• What the exercise asks:
Below are the records. Retype exactly the lines between the lines holding "Pfrewn Valentine House" and "Zrgoth 男士休闲百搭简约信仰励志图案短袖T恤 - 杏色 - 查看 4", inclusive.

• Data for this task:
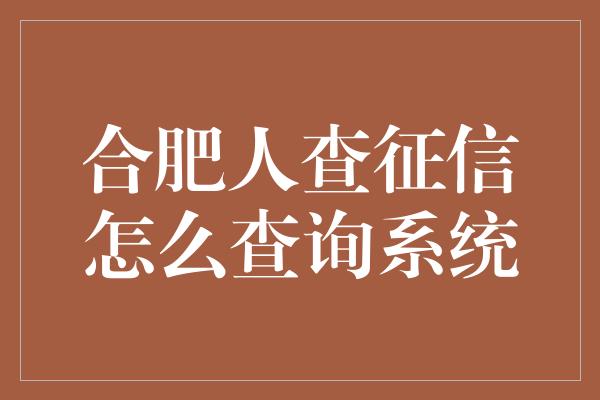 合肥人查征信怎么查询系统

---

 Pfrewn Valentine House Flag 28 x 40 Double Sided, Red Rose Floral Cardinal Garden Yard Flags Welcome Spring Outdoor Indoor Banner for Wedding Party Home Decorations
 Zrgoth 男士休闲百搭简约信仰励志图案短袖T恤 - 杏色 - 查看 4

• Exercise answer:
 Pfrewn Valentine House Flag 28 x 40 Double Sided, Red Rose Floral Cardinal Garden Yard Flags Welcome Spring Outdoor Indoor Banner for Wedding Party Home Decorations
 Zrgoth 男士休闲百搭简约信仰励志图案短袖T恤 - 杏色 - 查看 4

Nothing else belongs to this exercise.